Exactly and only the lines from the line holding "Лакцы. История, культура, традиции" to the end of the records should be reproduced. Leave pictures out.

** Opening RECORD EXCERPTS block **

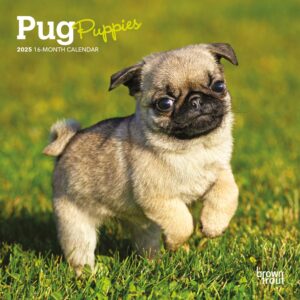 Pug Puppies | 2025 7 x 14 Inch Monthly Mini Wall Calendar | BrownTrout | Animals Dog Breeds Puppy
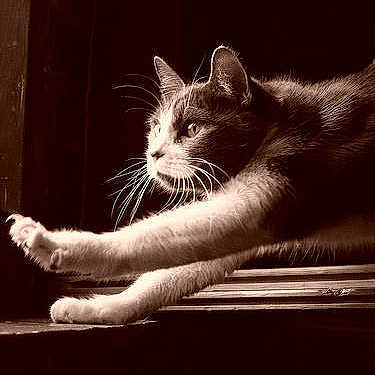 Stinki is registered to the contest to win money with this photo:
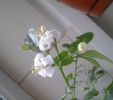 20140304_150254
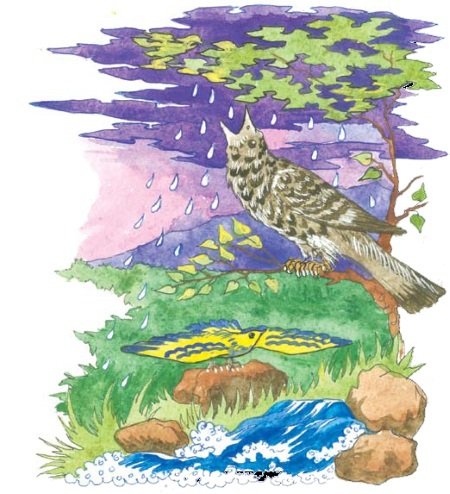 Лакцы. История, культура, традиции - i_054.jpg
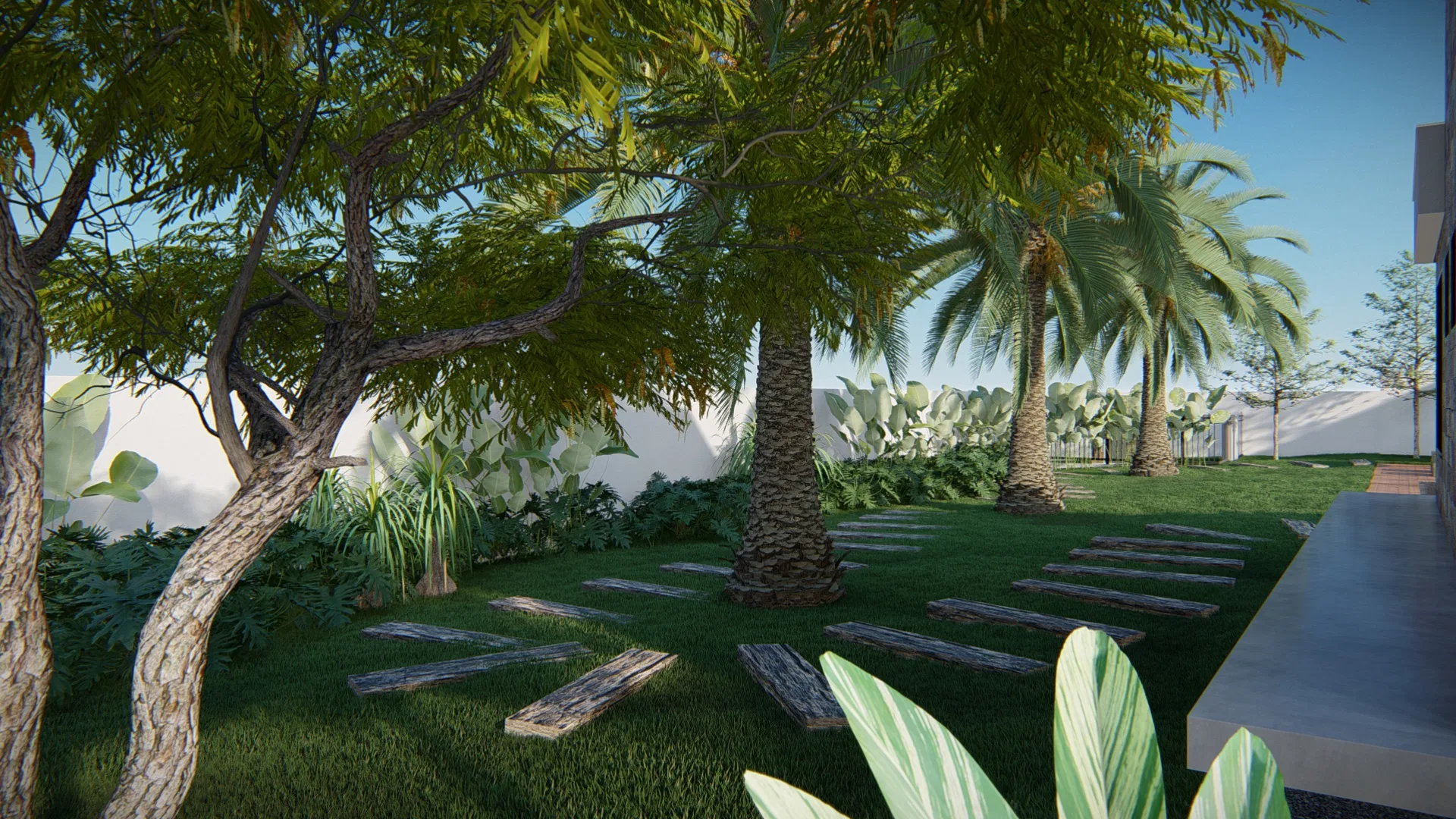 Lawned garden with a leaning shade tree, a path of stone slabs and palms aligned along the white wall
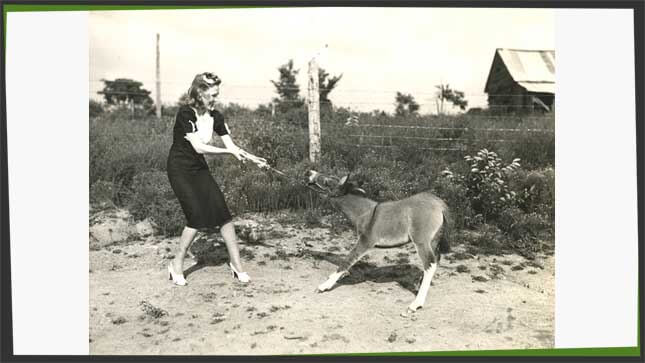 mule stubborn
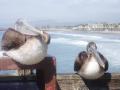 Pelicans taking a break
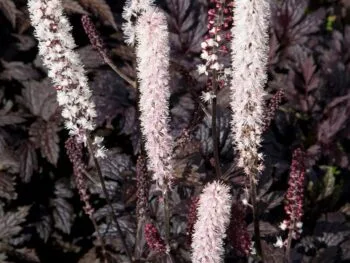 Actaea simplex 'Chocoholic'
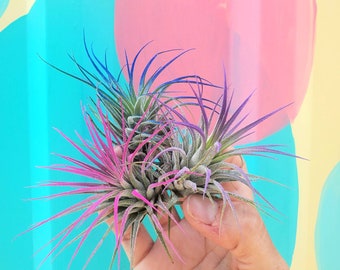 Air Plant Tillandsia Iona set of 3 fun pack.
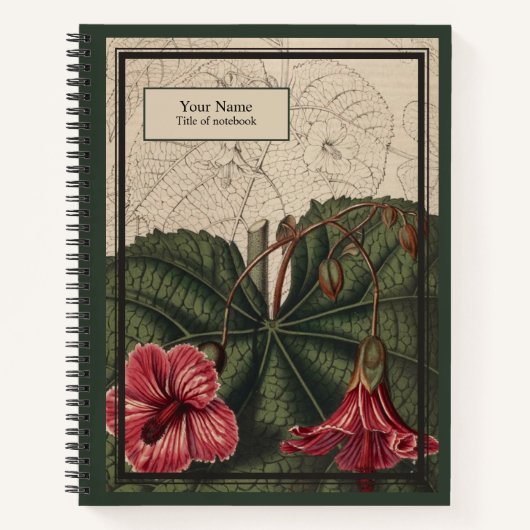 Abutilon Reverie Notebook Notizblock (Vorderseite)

** Closing RECORD EXCERPTS block **

[THE COMPLETED TASK]
 Лакцы. История, культура, традиции - i_054.jpg
 Lawned garden with a leaning shade tree, a path of stone slabs and palms aligned along the white wall
 mule stubborn
 Pelicans taking a break
 Actaea simplex 'Chocoholic'
 Air Plant Tillandsia Iona set of 3 fun pack.
 Abutilon Reverie Notebook Notizblock (Vorderseite)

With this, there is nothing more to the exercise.